▶ **What this task involves**
Starting at the line that contains "Ovo de Jade, 2012", copy every line through the end of the listing below exactly, and copy nothing else.

▶ **Collected data**
◆ ◆ ◆ ◆
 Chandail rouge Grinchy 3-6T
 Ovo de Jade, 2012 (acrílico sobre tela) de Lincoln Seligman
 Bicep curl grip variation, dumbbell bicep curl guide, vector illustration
◆ ◆ ◆ ◆
▶ **Exercise output**
 Ovo de Jade, 2012 (acrílico sobre tela) de Lincoln Seligman
 Bicep curl grip variation, dumbbell bicep curl guide, vector illustration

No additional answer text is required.